Mixed for grains, lower for oilseeds.
- CBOT wheat up 4.5c to 558.25c,
- Kansas wheat up 7.25c to 563.75c,
- Corn down 7.25c to 365c,
- Soybeans down 17c to 886.75c,
- Winnipeg canola down C$5.00 to $495.80,
- Matif canola up €2.25 to €379.50,
- Dow Jones down 81.36 to 25333.82,
- Crude oil down US$0.92 to $67.84 per barrel,
- AUD down to 0.739c,
- CAD down to 1.299c, (AUDCAD 0.961),
- EUR down to 1.165c (AUDEUR 0.634).
Wheat defied weakness in beans and corn to post a strong close, breaking through technical resistance and testing the May highs. Matif futures were up €5 to €208.25. Implied volatility in September Soft Red Winter wheat finished at 34.87 per cent. Further production cuts in Europe saw Matif futures reach new highs not seen since 2014. The German Ag group lowered its wheat estimate to 18 million tonnes (Mt) from 24Mt last year. The Algerian tender did not trade, with offers at $273 per tonne with buying ideas $3-5/t below. It is difficult to see this not trading at the offer given the constant increase in flat price in the Black Sea. USDA’s World Agricultural Supply and Demand Estimates report due out next has a very large rationing task to perform in light of the monthly production losses of around 15Mt that the globe has endured. It is very hard not to be bullish from here, with the global consumer largely uncovered, and the global exporters stocks-to-use ratio nearing historic lows. The only problem is that everyone but the consumer is on the same side. The Egyptian Government’s GASC results tomorrow will be a good indication of recent price movement.
Corn was caught up in bean weakness, and an improved US weather forecast that saw it return all of yesterday’s gains to close through the 50-day moving average. Yield estimates are decreasing, with the average guess now working on a 175-178 bushels per acre figure. There is no doubt that the global balance sheet in corn is tight, but it cannot get the same buying support as wheat until production is known. On top of this, there is theoretical pressure for some demand destruction from Mexico if it decides to pursue Argentinian supplies, given Mexico’s currently tense trade relationship with the US.
Soybeans gave up most of their previous day’s gains thanks to more Trump trade chatter. The US Government is now talking of raising Chinese tariffs from 10 per cent to 25pc, which comes as a shock, given the positive dialogue from the day prior as China looked to dial down the tone of trade discussions in an effort to reach mutual ground. Soymeal was down $4.70/t and soy oil dropped 27 points.

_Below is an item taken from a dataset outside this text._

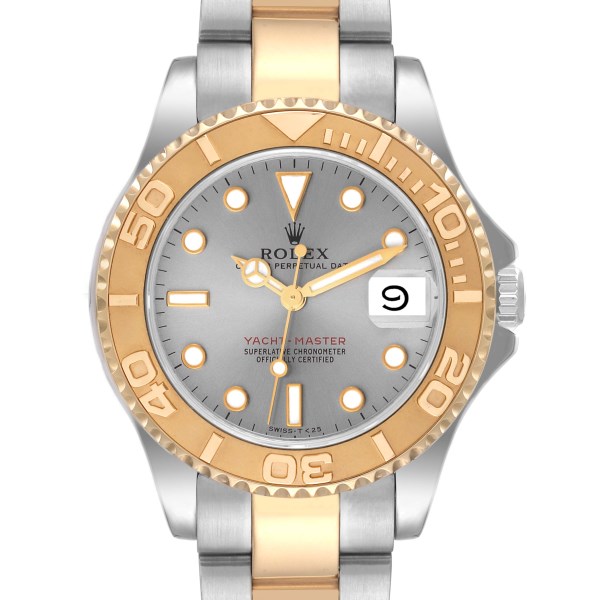 Rolex Yachtmaster 35 Midsize Steel Yellow Gold Slate Dial Mens Watch 68623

Canola was mixed, with Winnipeg a follower of the US vegoil complex as the trade trash-talk continues. Matif futures couldn’t fall if they wanted to, given ongoing production issues across most of its major production regions. New highs were reached, and should be sustained, which will bode well for Australian pricing.
Aussie markets were stronger yesterday in quiet trade, with most of the industry busy networking and learning at the annual grain conference in Melbourne. New-crop wheat reached a new high of $387/t, up $3 as the eastern states forecast continues to disappoint. The media has latched on to the Australian drought story this week, making it a front-of-mind issue for the general public. It’s hard not to get caught up in the hype, and there is potential for an overreaction, given the ambiguity in current crop estimates. Yes, we are below 20Mt, but the market is trading something well below that at less than 17Mt, and the longer it stays dry, the more realistic this becomes, with $400/t is not out of the question.